→ **Task to complete**
All pictures are to be dropped, and everything else in the data duplicated exactly.

→ **Data block**
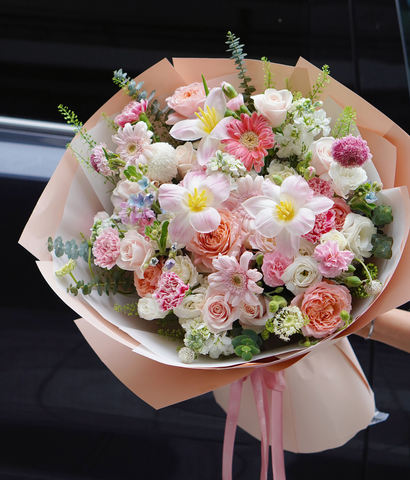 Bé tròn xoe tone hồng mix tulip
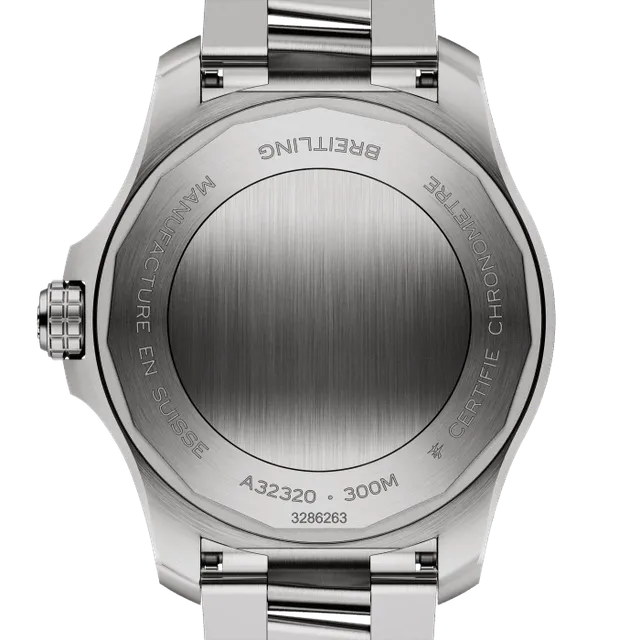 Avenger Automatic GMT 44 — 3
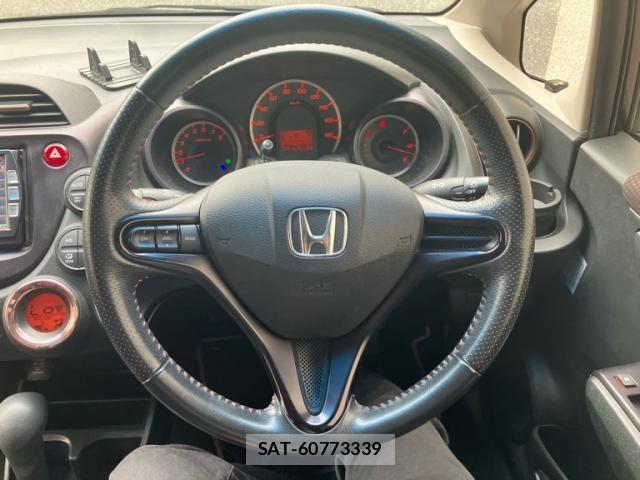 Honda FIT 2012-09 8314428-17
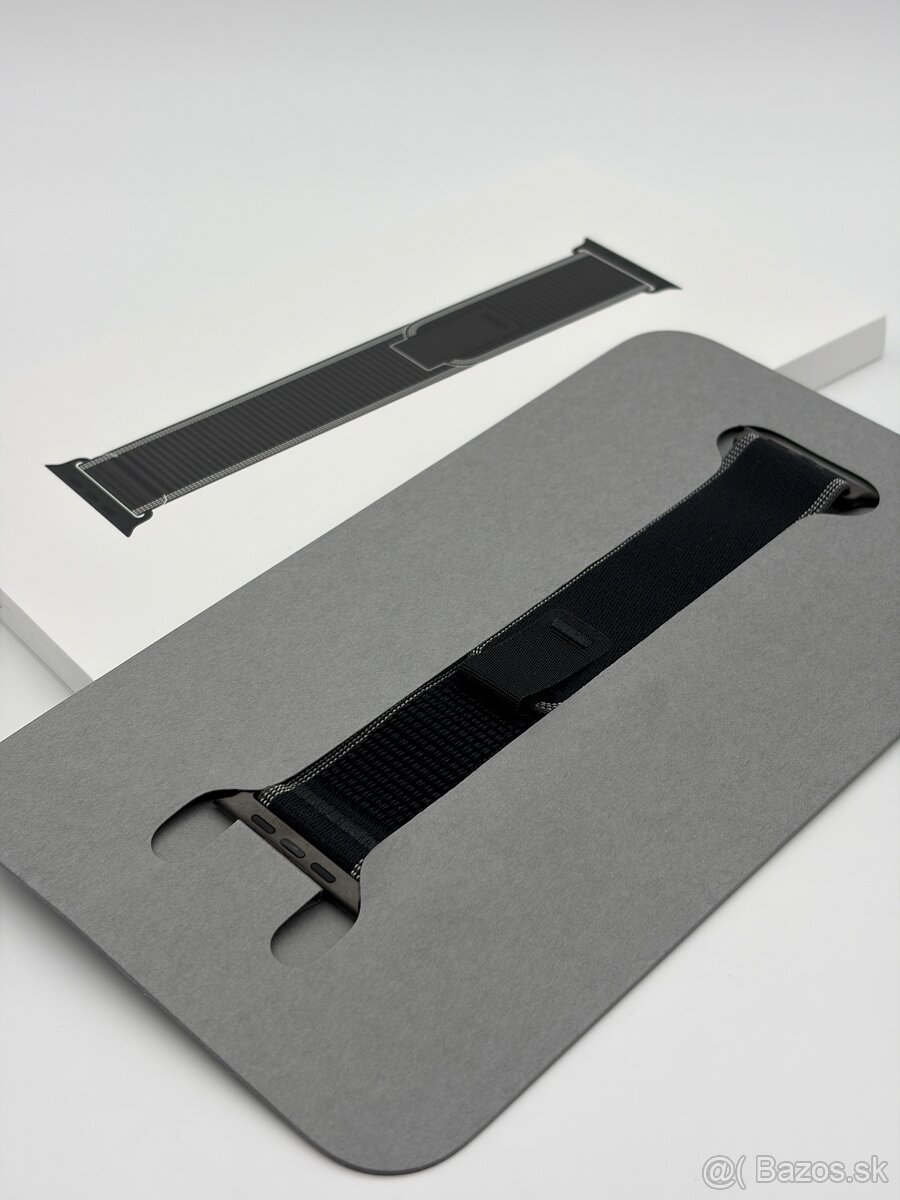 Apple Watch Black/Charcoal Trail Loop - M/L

→ **Answer space**
 Bé tròn xoe tone hồng mix tulip
 Avenger Automatic GMT 44 — 3
 Honda FIT 2012-09 8314428-17
 Apple Watch Black/Charcoal Trail Loop - M/L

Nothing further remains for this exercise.